2. Stop Paying What You Can
Some people incorrectly assume that once they file for bankruptcy, they can stop paying their bills until everything gets sorted out through the bankruptcy process. But this is not the case. When going through personal bankruptcy, you need to be very careful, and this includes continuing to make informed decisions about how to manage your finances. If you can only afford to pay some of your bills, you should talk to your lawyer about how to handle this so that you are still able to maximize the benefits of the process.
3. Confuse Chapter 7 and Chapter 13
Once you decide whether to file under Chapter 7 or Chapter 13, you need to remember which option you chose. Chapter 7 and Chapter 13 bankruptcies follow different procedures, and they present different opportunities to reduce the amount you owe. If you aren’t thinking about your bankruptcy correctly, you could end up making uninformed decisions that prevent you from maximizing the benefits that are available to you.
4. Let Your Creditors Take Control of the Process
Creditors have a lot to lose during consumer bankruptcies, and, as a result, they will try to assert as much control over the process as possible. But it is your bankruptcy, and you are the one who should remain in control. If you hire an experienced bankruptcy lawyer to represent you, your lawyer will be able to stand firm when necessary and make sure that your creditors don’t take more than their fair share.
5. Assume the Process Will Go Smoothly
While the bankruptcy process can go smoothly if you are prepared and have an experienced lawyer on your side, you should not assume that everything will go according to plan. Even if you don’t let them take control, your creditors will still play a role, and the judge will be reviewing all of the filings to make sure that the relief you are seeking is appropriate. There are no guarantees in court, and this is just a reality that you will need to accept as you work through the steps in the process.
6. Stop Communicating with Your Lawyer
As the bankruptcy process moves along, it is important to remain in close contact with your lawyer. Continue reaching out to your lawyer when you have questions, and when your lawyer contacts you, pick up the phone, text back or return your lawyer’s call as soon as possible. If your lawyer is trying to contact you, there is probably a good reason why, and if you don’t respond this could lead to unnecessary issues or delays.
7. Avoid Reading Important Documents and Communications
Likewise, if you receive any documents or written communications from your bankruptcy lawyer, you should read and consider them carefully. Don’t ignore them, and don’t ignore any questions you may have. Even with a lawyer representing you, you still need to remain actively involved. You need to make sure that you know what is going on, and you need to make informed decisions with your long-term best interests in mind.

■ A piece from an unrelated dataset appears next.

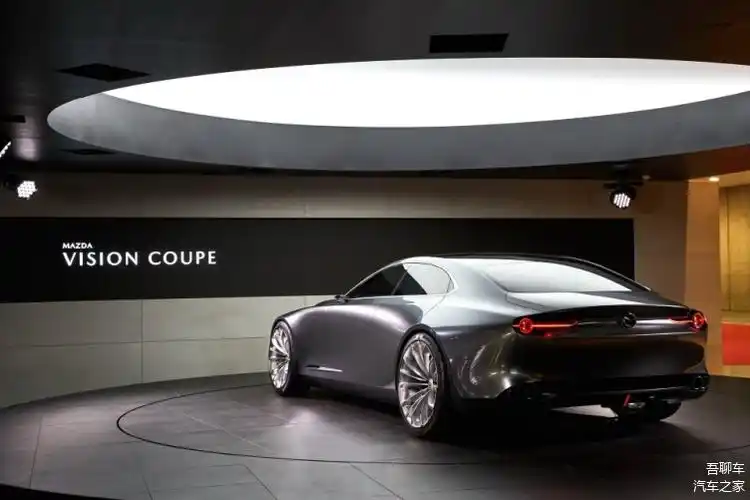 简单粗暴马自达visioncoupe有望量产配33t直六引擎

8. Submit Any Information that is False or Misleading
When going through a consumer bankruptcy, it is very important that you not submit any information that is false or misleading. If you do—even unintentionally—your creditors may try to accuse you of “bankruptcy fraud.” These accusations can have serious consequences, and if proven, they can potentially prevent you from securing protection under Chapter 7 or Chapter 13.
9. Let Your Emotions Get the Better of You
Going through personal bankruptcy is stressful. It requires lots of time and attention, and it can be frustrating at times. But it is important not to let your emotions get the better of you. Always remember that you will get through the process—and when you do, you will have a new financial lease on life. Keep your eyes on the light at the end of the tunnel, and you will be there before you know it.
10. Fail to Maximize the Benefits of the Process
Finally, as you work through your Chapter 7 or Chapter 13 bankruptcy, you should work closely with your lawyer to maximize the benefits of the process. Personal bankruptcies can get resolved in a variety of ways, some of which are much more beneficial for debtors than others. So, as you make decisions during your bankruptcy, listen closely to your lawyer’s advice, consider your options carefully and remember that the effort you put in now will be well worth it in the long term.
Get Help from Experienced Bankruptcy Lawyer Georgette Miller in New Jersey
Do you need to know more about the personal bankruptcy process? If so, we invite you to contact us for a free, no-obligation consultation. To speak with bankruptcy lawyer Georgette Miller in confidence, please call 866-964-6529 or tell us how we can reach you online today.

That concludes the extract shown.